------ Data in this exercise
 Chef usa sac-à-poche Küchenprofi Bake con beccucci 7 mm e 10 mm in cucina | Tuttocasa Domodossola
------------
------ Data in this exercise
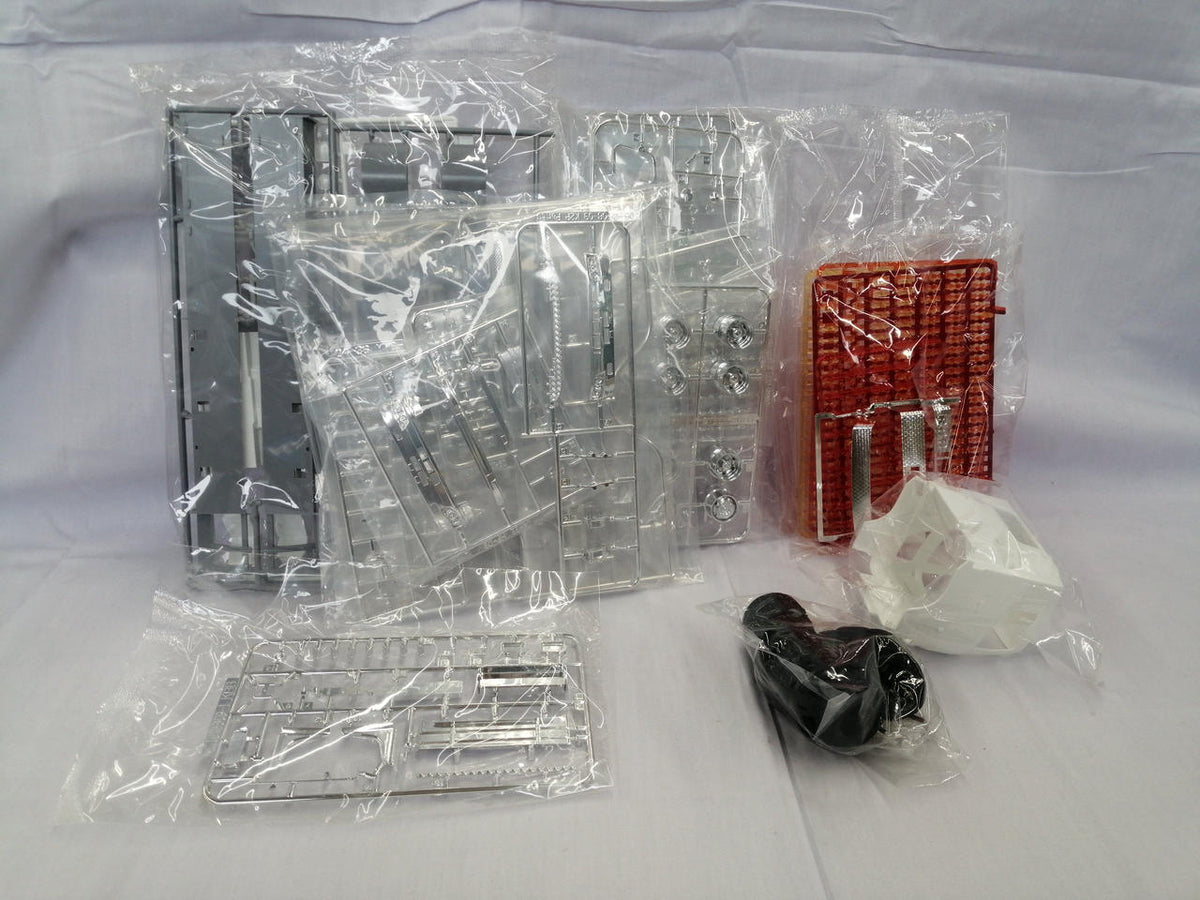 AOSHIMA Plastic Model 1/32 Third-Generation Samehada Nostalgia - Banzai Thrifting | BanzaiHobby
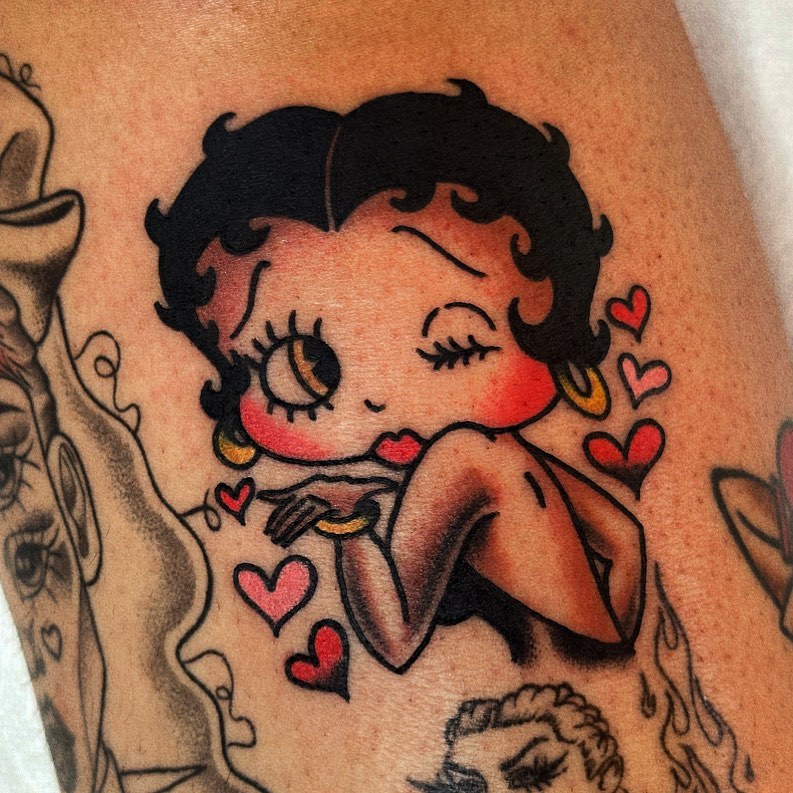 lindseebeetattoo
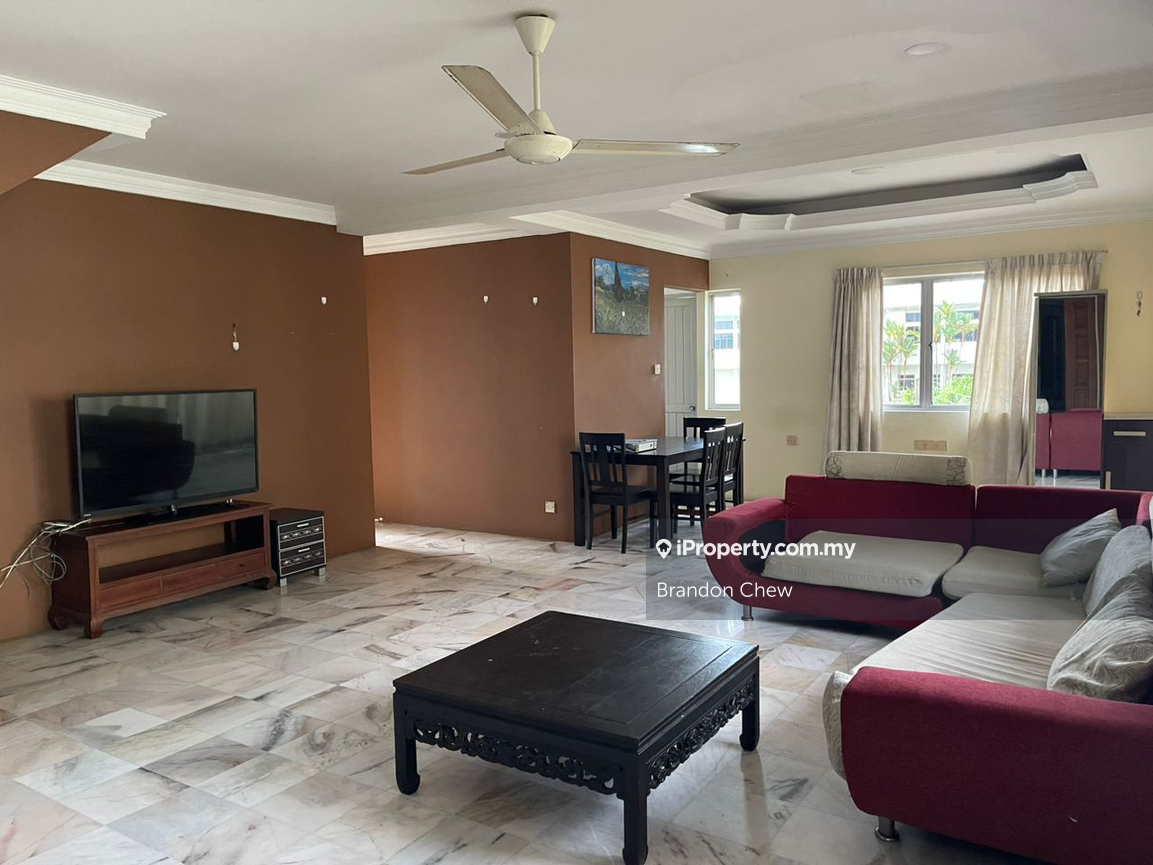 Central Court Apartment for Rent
------------
## Problem details
What lines above run from the one with "lindseebeetattoo" to the one with "Central Court Apartment for Rent"? Give them again exactly, ends included, and leave the pictures out.

## Answer for this exercise
 lindseebeetattoo
 Central Court Apartment for Rent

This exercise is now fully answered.